* **What you have to do**
Pictures stay out of the copy. Retype exactly the lines below from the one with "Welcome to another" through the one with "Une activité bancaire.".

* **Data**
——————————

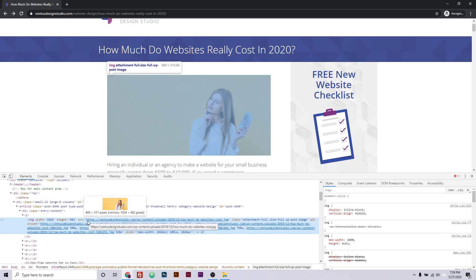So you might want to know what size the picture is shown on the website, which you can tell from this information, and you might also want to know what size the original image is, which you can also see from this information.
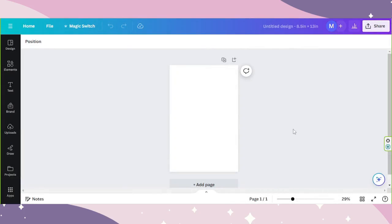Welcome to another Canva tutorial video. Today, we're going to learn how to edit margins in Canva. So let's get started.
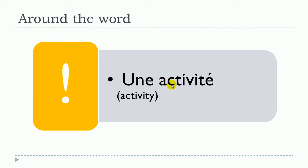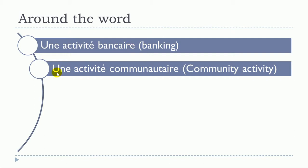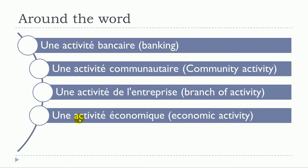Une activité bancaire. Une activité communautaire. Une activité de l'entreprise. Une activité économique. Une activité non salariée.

——————————

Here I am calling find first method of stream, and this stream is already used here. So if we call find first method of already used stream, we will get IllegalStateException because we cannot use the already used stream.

——————————

* **Written response**
Welcome to another Canva tutorial video. Today, we're going to learn how to edit margins in Canva. So let's get started.
Une activité bancaire. Une activité communautaire. Une activité de l'entreprise. Une activité économique. Une activité non salariée.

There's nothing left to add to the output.